M one is gonna contribute m one times its distance from the axis squared would be a, so we do a squared, and let's say b is just the length of this string, so b just represents that length, and similarly c represents that length, and we're gonna assume the radii of these masses are small. I had to draw 'em big so we could see 'em, but it's easiest if you consider them to be small, 'cause then we don't have to take into account their actual radius. So we'd add to this, that's this m one a squared is just the contribution to the moment of inertia that's being contributed by just m one, so we have to figure out the contributions from each of these other masses, so we'll have m two times its distance from the axis.

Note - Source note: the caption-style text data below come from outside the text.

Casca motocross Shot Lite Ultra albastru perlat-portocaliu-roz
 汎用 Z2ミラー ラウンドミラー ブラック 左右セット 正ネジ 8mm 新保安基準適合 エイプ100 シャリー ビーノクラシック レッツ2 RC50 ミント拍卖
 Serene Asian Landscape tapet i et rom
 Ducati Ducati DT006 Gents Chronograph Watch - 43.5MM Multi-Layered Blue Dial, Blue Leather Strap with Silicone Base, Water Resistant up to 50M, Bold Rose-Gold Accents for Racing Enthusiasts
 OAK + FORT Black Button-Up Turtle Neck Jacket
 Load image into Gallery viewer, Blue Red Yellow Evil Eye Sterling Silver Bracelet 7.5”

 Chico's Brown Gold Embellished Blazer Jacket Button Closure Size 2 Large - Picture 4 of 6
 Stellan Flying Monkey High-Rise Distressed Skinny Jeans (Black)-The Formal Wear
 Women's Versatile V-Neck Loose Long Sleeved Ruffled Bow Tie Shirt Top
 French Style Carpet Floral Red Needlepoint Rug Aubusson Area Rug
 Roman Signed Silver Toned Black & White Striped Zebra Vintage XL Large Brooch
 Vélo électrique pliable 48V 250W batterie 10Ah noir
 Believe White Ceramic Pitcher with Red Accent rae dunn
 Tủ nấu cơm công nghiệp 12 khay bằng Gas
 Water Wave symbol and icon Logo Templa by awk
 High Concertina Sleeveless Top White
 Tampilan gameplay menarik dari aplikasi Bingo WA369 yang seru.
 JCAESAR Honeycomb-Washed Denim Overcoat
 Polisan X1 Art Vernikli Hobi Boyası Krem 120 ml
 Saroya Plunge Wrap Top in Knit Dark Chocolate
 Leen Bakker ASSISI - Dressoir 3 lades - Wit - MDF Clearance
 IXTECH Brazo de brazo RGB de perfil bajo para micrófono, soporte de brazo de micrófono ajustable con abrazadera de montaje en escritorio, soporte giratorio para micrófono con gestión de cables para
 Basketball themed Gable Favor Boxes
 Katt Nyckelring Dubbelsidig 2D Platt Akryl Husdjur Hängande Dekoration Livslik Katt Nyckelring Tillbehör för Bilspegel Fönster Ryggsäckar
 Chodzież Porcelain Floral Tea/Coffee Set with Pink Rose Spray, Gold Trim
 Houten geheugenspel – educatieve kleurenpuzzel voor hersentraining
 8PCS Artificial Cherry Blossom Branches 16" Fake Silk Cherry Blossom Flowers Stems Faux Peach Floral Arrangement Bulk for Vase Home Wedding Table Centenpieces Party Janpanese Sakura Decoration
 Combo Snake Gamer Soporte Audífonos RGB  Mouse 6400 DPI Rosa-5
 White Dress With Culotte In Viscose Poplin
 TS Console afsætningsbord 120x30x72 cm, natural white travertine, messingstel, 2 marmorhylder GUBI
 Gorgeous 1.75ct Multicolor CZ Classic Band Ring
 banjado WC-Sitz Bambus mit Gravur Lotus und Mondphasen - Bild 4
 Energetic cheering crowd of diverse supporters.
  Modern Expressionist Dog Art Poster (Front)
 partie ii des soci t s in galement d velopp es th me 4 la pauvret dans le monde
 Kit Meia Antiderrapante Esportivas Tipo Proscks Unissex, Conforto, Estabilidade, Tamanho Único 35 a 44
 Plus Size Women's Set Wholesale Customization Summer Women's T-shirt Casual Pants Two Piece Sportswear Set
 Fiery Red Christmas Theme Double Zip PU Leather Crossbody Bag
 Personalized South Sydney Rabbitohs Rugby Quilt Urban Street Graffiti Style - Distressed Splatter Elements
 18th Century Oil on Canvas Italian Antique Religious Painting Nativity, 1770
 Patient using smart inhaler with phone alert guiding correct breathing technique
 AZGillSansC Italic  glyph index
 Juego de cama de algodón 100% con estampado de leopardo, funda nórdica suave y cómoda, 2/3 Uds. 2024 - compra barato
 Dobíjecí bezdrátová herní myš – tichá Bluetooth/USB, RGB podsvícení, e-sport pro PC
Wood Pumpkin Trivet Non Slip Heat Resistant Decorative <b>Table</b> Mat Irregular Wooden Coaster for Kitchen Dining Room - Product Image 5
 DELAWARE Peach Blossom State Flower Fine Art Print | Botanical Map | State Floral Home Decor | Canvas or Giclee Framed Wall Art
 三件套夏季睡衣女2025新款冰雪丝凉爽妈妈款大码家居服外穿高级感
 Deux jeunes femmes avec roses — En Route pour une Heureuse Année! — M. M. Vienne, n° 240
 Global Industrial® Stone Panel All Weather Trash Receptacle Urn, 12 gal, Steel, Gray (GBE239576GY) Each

It isn't gonna be b, it's gonna be all the way, so that's gonna be a plus b squared, and then if you wanted to find the contribution from m three so that you'd get the total, you'd have m three times, well, it'd be a plus b plus c squared, this would be the total moment of inertia for the entire system, which says it's gonna be more difficult, right? The more mass you add into the system, the more sluggish it is to acceleration, the more difficult it is to rotate.

More on moment of inertia

So how could we make this three mass system easier to rotate? Let's say you were tired of requiring so much torque to move this thing, you wanna make it easier to rotate. One thing you can always do is just take your masses and move them toward the axis, i. If you do that notice all of these rs are gonna get smaller, if you reduce the r you're gonna get less moment of inertia, and that object's gonna be easier to rotate, easier to angularly accelerate, you can whip this thing around easier if the mass is more toward the axis.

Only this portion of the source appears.